Former Arapahoe GOP chair, Nathan Chambers: Dan Maes unqualified to be governor, in over his head
by Donald E. L. Johnson | 9:31 am, August 11, 2010
After Cliff Dodge resigned this morning as president of the Arapahoe County Republican Mens club to run Tom Tancredo’s gubernatorial campaign, another former president of the club and a former chairman of the Arapahoe County Republican Party, Nathan Chambers, declared that he thinks the GOP’s candidate, Dan Maes, is in over his head and unqualified to be governor of Colorado. Chambers is a highly regarded GOP activist and observer. Several Colorado editorial pages and conservative bloggers, including me, agree with Chambers.

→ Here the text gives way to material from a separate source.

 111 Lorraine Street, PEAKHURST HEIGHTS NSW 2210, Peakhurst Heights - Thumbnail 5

But many elected Republicans and officers of the state and various county Republican parties are lining up behind Dan Maes despite questions about his ethics and competence as a businessman and candidate for governor. They are more concerned about the party and put the party above any concerns about a candidate’s competence and integrity.

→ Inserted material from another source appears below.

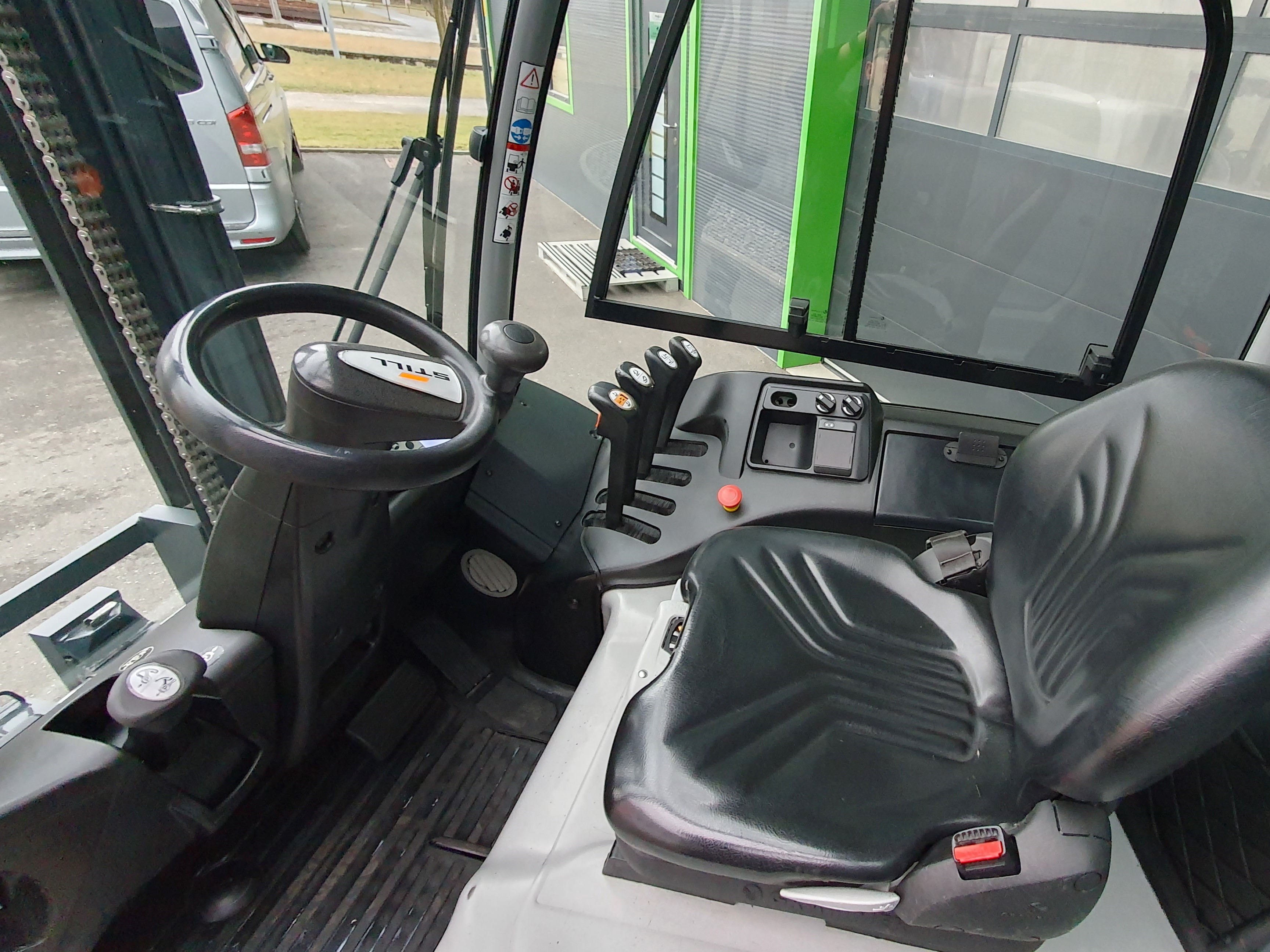 Viličar STILL RX60-50-Obnovljen-Kabina-Pozicioner-Baterija 82%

Mort Marks, a wealthy member of the Arapahoe County and state Republican establishment, backed both Scott McInnis and Jane Norton in yesterday’s primaries. They lost and Marks announced that he will support all Republicans, including Maes and U.S. Senate candidate, Ken Buck. Susan Beckman, an Arapahoe County commissioner and co-chair of McInnis’ campaign in the county, urged activists to vote a straight party line ticket. She irrationally demonized the Denver Post for exposing McInnis’ lies, plagiarism and incompetence. Blaming the liberal Denver Post and media was McInnis line of defense against his plagiarism scandal, but it failed to keep him from being tromped by some 5,000 votes in the primary.
While several people spoke up for Tom Tancredo at this morning’s breakfast, we clearly were out numbered by long-time activists who failed to get the message from Republican primary voters yesterday.
Simply put, more people who, like state GOP Chairman Dick Wadhams, consider McInnis “untrustworthy” voted against him than the people who, like Wadhams, consider Maes a “joke”, voted against Maes. I doubt many Republicans voted for McInnis or Maes or were enthusiastic about either guy.
One indication of the lack of GOP support for Maes and McInnis is that a huge 5% of people who voted in the GOP’s senate primary did not vote for either Maes or McInnis. Some of us could not vote for the lesser evil. We couldn’t vote for incompetence or men who are unfit to be governor.
The Colorado GOP leaders are badly out of touch with Colorado Republican voters. And they’re even more out of touch with independents who will decide the election.
It will take a few credible polls to convince the GOP activists and sugar daddies who support Maes that he has no chance and that they need to get behind Tom Tancredo.